I have been using a bypass oil filter on vehicles for over 40 years. I have looked for a location to install a bypass filter under the hood of my 2002 es300. Need about 4 1/4" X 7 1/8", which is about the size of a roll of toilet paper.

Has anyone ideas/pictures for a location?

Posted
I have been using a bypass oil filter on vehicles for over 40 years. I have looked for a location to install a bypass filter under the hood of my 2002 es300. Need about 4 1/4" X 7 1/8", which is about the size of a roll of toilet paper.

Has anyone ideas/pictures for a location?

I asked myself the samething 4 years ago for the same reaso. I figured I would have to design a bracket off the rad or frame. Either up front or underneath.

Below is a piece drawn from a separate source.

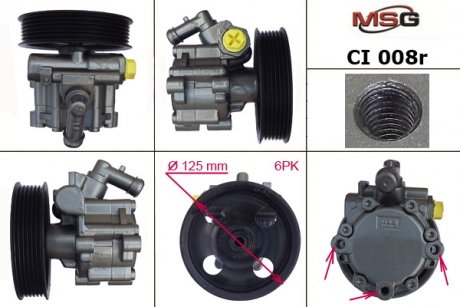 Насос ГПК відновлена CITROEN C5 01-04,C5 04-,C5 Break 01-04,C5 Break 04-;FIAT SCUDO 07-,SCUDO фургон MSG CI008R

I will bump it since I would also like to know.

  • 2 weeks later...
Posted

Anywhere! There's always room!

OilFilterRelocator-1.jpg

That's how I did mine. on my 3vz-fe.

What kind of bypass filter did you use - brand/model? Evidentally there is more room under your hood than mine.

Since my first post I have made a bracket that fits between the radiator & engine. The bracket will fasten down without any holes being drilled. The adapter is a perma-cool and also installs without any holes being drilled. I have one or two welds to make to the bracket. This should be done in a week. Everything is tight and there is only one place to install an upright filter (at least in a 02 es300).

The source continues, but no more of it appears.